We stayed at the Hilton Reykjavik which is a little way out of town but was very welcoming with a large comfortable disabled room with wooden floors (good for a chair!), a well equipped bathroom with discreet grab rails and a wet room area with seat.
The next day our first trip was into the city. We took advantage of the free bus pass offered by the hotel and went across to the bus stop. If you were in a wheelchair without a free-wheel at the front of your chair you might struggle here, as the roads and pavements aren’t particularly well cleared or gritted so your front castors would definitely get stuck.
The buses do have ramps but they need to be manually pulled out and the driver didn’t offer so we did it ourselves or had the help of other passengers. The bus ride was quick and easy and we headed off into the city to explore.
Reykjavik is hilly and unless you have very good upper body strength you’ll need someone to help push, particularly when there’s snow on the ground. The city is compact so no need for buses once you get there and we spent several hours wandering, poking into shops, drinking coffee and exploring.
First port of call was the Hallgrimskirkja, a wonderful cathedral towering over the city on one of the highest points. It’s accessible to get into and wander around but if you want to take in the views from the top you can only get the lift so far, then it’s about 30+ steps to the top, so we sadly had to give that a miss.

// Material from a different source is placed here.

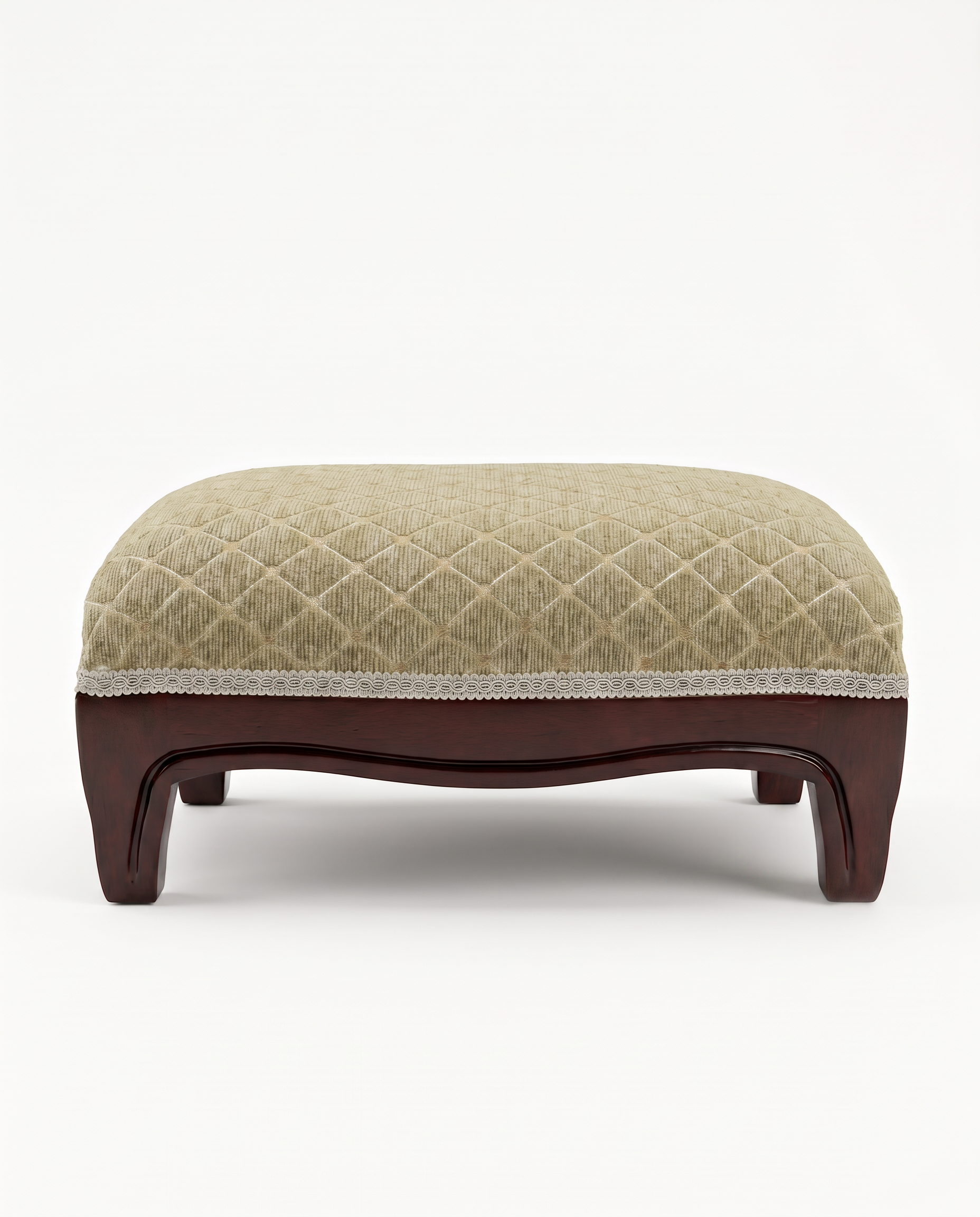 EON-OT002 Versailles Footstool - Sage Green Quilted Velvet Front View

We found many cafes and restaurants in the older area near the harbour weren’t accessible, being up 5 or 6 stairs and with narrow doors but with some perseverance we found a lovely spot for lunch and later, coffee with level access and disabled loo. In the main part of the city we found accessibility a little better than near the harbour.
After lunch we carried on around town, and checked out the fabulous Solfar Sun Voyager sculpture overlooking the water and the mountains.
The next day we took the popular Golden Circle day trip with Reykjavik Excursions. This is the trip that takes in the three popular sites of Gulfloss Waterfall, the Thingvellir National Park and Geysers that erupt before your very eyes. Pick up from the hotel was straightforward enough – however a word of caution – once you get to the bus terminal to find the main bus for the day it’s a bit of a free for all and we nearly didn’t get on a coach that could take the four of us. We had emailed the tour operator in advance but that didn’t seem to help our case.
The vehicles used are regular coaches – so no lift and large steps to enter/exit. There are also no toilet facilities on board. My husband was able to walk up and down the steps slowly but if you’re fully in a wheelchair you may want to seek help or look for a private tour in a smaller vehicle.
During the day the tour staff were helpful, bringing the wheelchair out from the storage hold and even offering me some boot grippers to wear on the bottom of my shoes to help me hang onto the wheelchair without slipping.
The walk through the tectonic plates at the Thingvellir National Park is about half a mile and does have some steep slopes but we got through pretty easily. All areas were ramped but covered in snow so again the freewheel came in handy.
It a desolate, beautiful place. The snow and the silence made it somewhere to just stand and look. Not much talking required.
The next stop on the journey was the Geysers and again this was largely accessible (unless you wanted to go higher up into the hills). We stayed close to the main site and visitor centre, which was all accessible including toilets and gift shop.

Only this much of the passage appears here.